Ruben, 35, was forced to flee with his wife, daughter and extended family members after fighting broke out in December 2013. Recalling that time, Ruben says, "In December last year gunmen were all around, shooting people and killing people, even neighbours. I witnessed it. A mother and her husband, they were stopped and then shot there. I saw them fall down. I had to make everyone who had survived run or the same thing would happen to us."
Looking at his young daughter, he continues: "She is young, but she cannot forget the noise of the fighting, the way I remember the noise of the first fighting I experienced when I was a young boy. I don't know how this will end. We seek only peace and to be one united nation, and for families never to have to run away again."
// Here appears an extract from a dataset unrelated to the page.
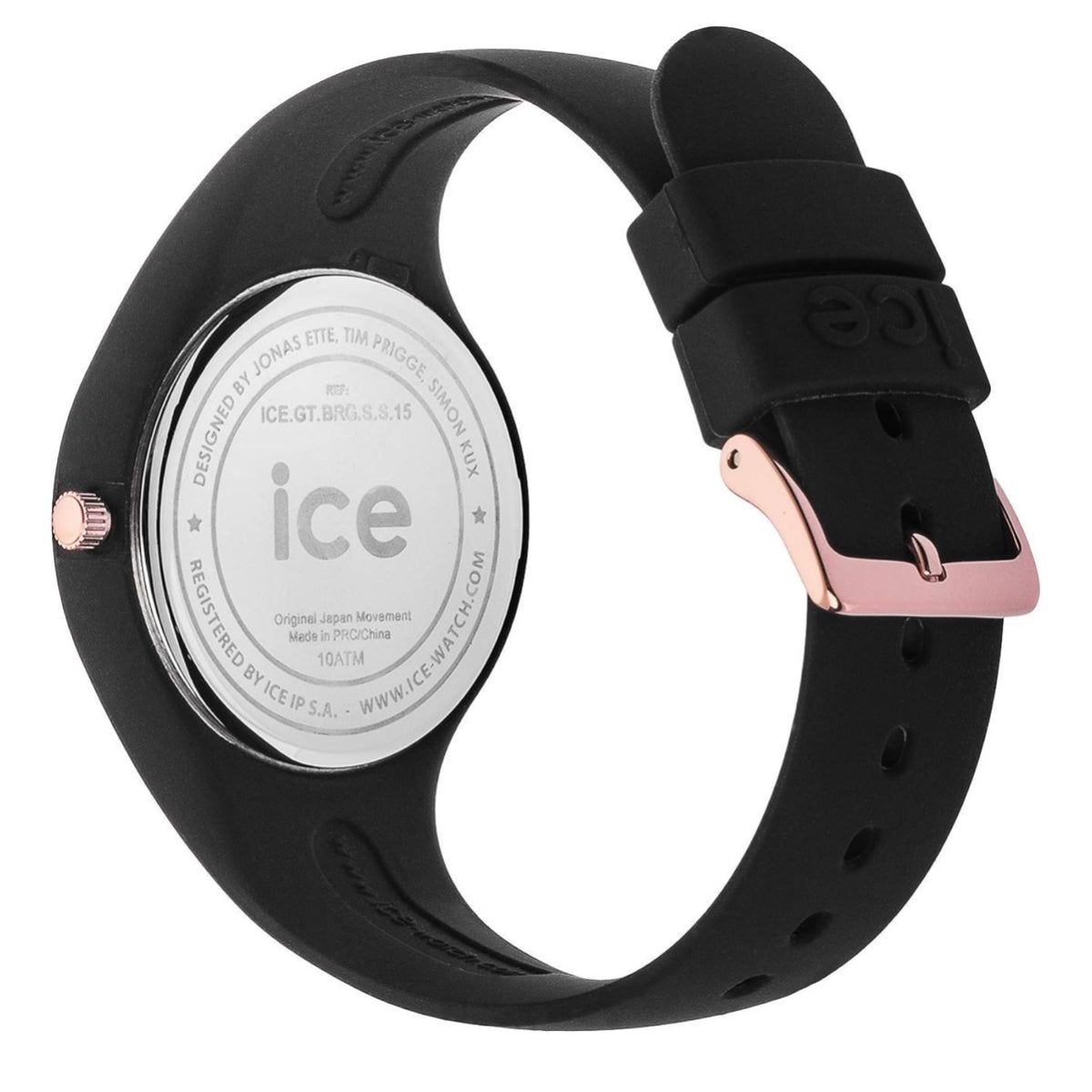 ICE glitter Black Rose Gold Small Ice Watch Australia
At that, his father and his grandmother sigh in unison. Hope felt in short supply.
Ayen Majak's Family
During the rains a few months ago, a brief volley of gunfire erupted a mile or so from where Ayen Majak settled for safety with her five-year-old son, Thon, and daughter Ajak, who is two. The children were terrified. "They said to me, 'The men with guns are coming again, aren't they? We will have to run again, won't we?' " Ayen says. "I tried to tell them it was nothing, but they were so frightened they did not eat for two days."
Ayen and her father, Majak, who came here to Mingkaman after fighting erupted again in South Sudan in December 2013, recognised that fear. "I was about 18 the first time I had to run away from home because of fighting, in that first war," says Majak, now 75. "I was a young man. My father said the enemy would think I was a soldier, or the rebels would kidnap me to be one. It was better I lived hiding in the forest for some years."
When she ran from fighting in the second Sudanese civil war, as a girl of seven alone with her five-year-old brother, Ayen spent 10 terrifying days in the same forest that her father had hidden in a generation earlier. "I didn't know all the local fruits, I didn't know what we could eat," she remembers. "We almost died." When they were found and reunited with Majak, they still faced another five years on the run before it was safe enough to return home, where they stayed raising livestock in peace for close to two decades.
But then the current conflict broke out, and the family had to run again. "It was such a surprise to us," Majak says. "To see fighting and killing again. Those killings, they added to the ones I saw in the other wars, and I tell you, when I sleep those people are killed over and over again in my dreams. I can only think of those bad things."
Ayen worries about him. She worries about her children, too, and even their children, the next generation to come. "This fleeing happened to us when my father was a child, and to me when I was a child, and to my children now they are children," she says. "How can you tell me honestly it will not also happen when they have their own children?"